This is certainly going to liven up the monotonous 1970s concrete architecture of Abu Dhabi, and I suppose the Picasso exhibition with works from the Paris museum of Picasso is a sign of things to come.
Even in his own life-time Picasso arose strong feelings pro and anti and several decades after his death the passion of his art is undeniable. There is a desire to encapsulate emotion and not mere form. Indeed, form is often lost amid the power of the emotions.
But Picasso could actually paint. The exhibition has a startlingly realistic representation of his wife Olga (seen above) as well as the alarmingly contorted depictions of some other members of his harem.

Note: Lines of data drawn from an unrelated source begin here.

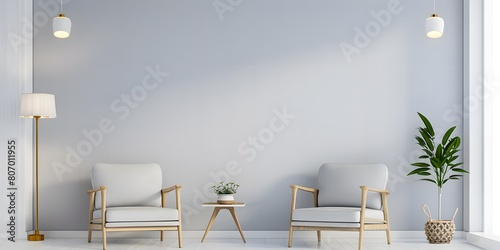 Modern minimal interior with two armchair on empty white color wall background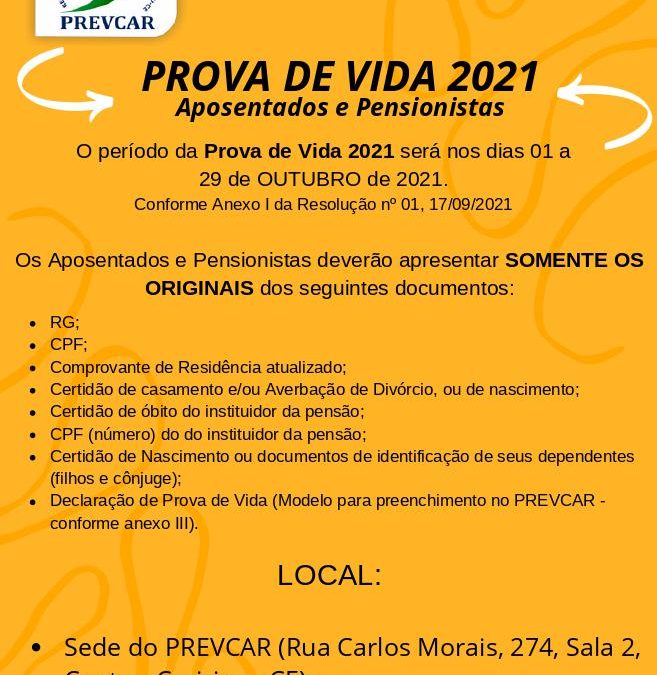 Prova de Vida 2021 – Aposentados e Pensionistas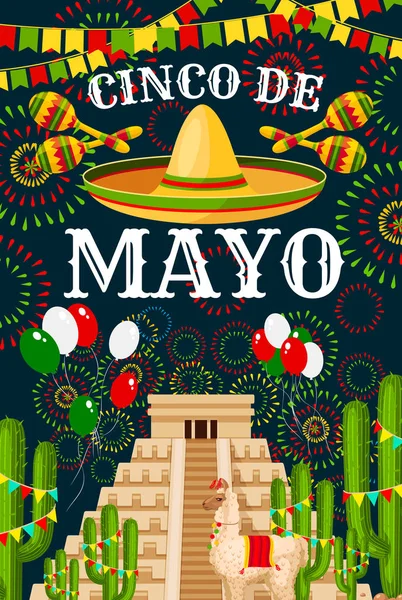 Cinco de Mayo Mexican sombrero vector greeting — 图库矢量图片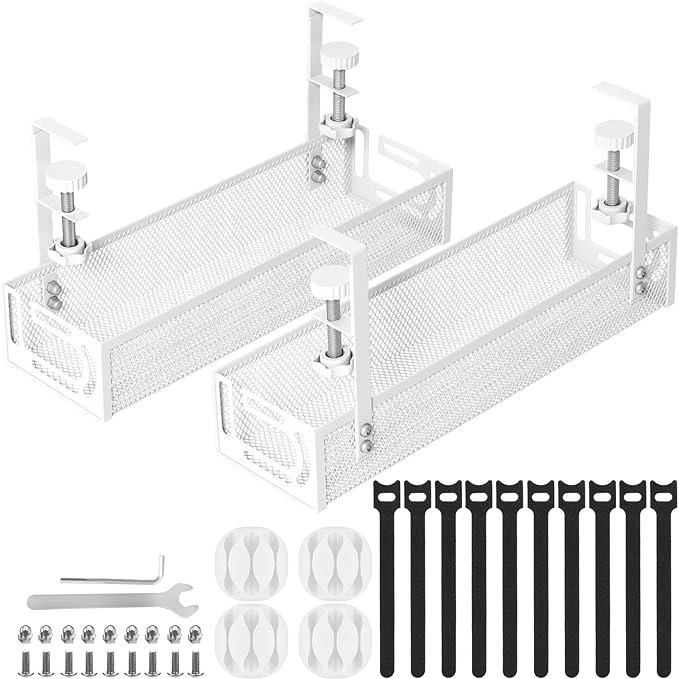 Cable Management, 2 Pack Cable Management Under Desk No Drill, Metal Cord Organizer with Clamp for Standing Desk, Cable Organizer for Home Office, White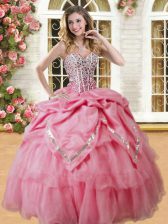  Pick Ups Watermelon Red Sleeveless Organza Lace Up Ball Gown Prom Dress for Military Ball and Sweet 16 and Quinceanera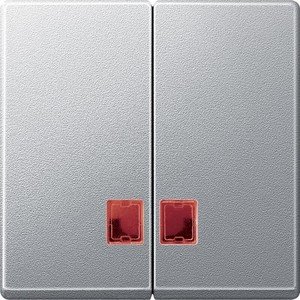 Фото Schneider Electric System M MTN3456-0604 Клавиша двойная с красным прямоугольным окошком (индикация, алюминий)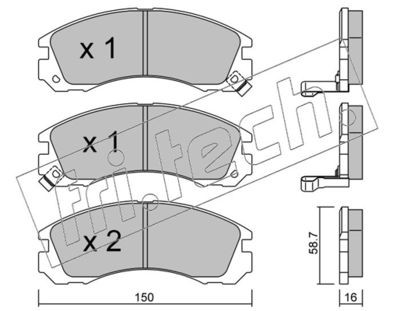 Комплект тормозных колодок, дисковый тормоз fri.tech. 136.0 для MITSUBISHI DIAMANTE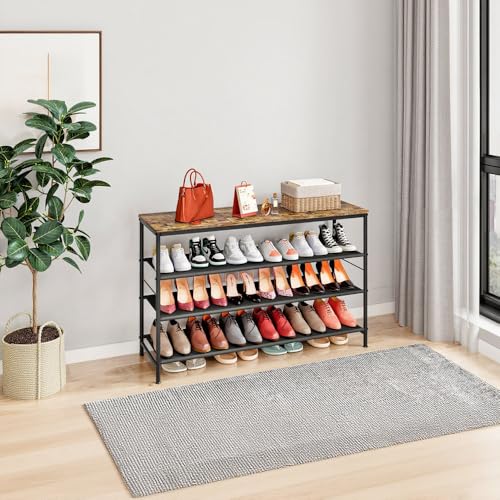 INGIORDAR Shoe Rack Organizer 5 Tier Metal Organizer Shelf with Industrial MDF Board and Layer Fabric for Entryway Closet Bedroom Living Room Garage (Black+Rustic Brown, 4 Tier(47.2" W)) - color: Black+rustic Brown, size: 4 Tier(47.2"W)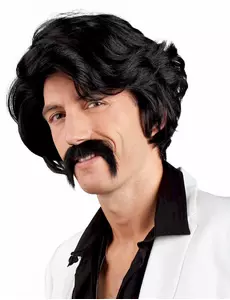 Svart peruk med mustasch för herr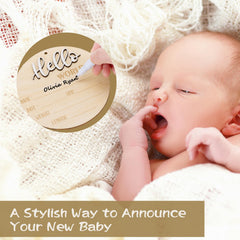 Giftacity wooden baby photo prop enhances hospital pictures.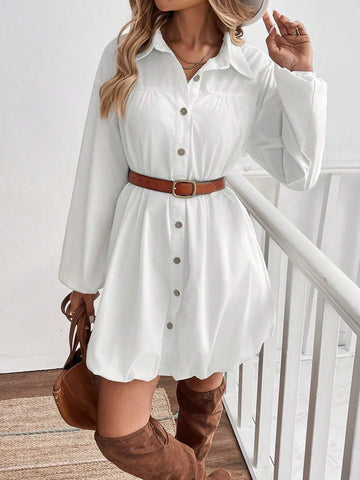 Shirt-Style Solid Color Button Front Long Sleeve Women Midi Dress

The sculpture is similarly varied with heads disfigured by phallic symbols and an odd nanny goat crafted from household objects and then cast in bronze. Was Picasso making a joke of art or trying to tell us something serious? Perhaps he did both and made a huge fortune from his efforts.
Picasso remains an enigma and Abu Dhabi wants to be seen as more than an oil reserve. Yet for most of Picasso’s life Abu Dhabi was a tiny village on the edge of the Persian Gulf with an impoverished population. As late as 1966 Sheikh Shakhbut was deposed because he refused planning permission for the first concrete building in Abu Dhabi.
But it is a mark of just how far Abu Dhabi has advanced that Western culture can now be imported to a building of world-class like the Emirates Palace Hotel, and soon to a dedicated island of museums.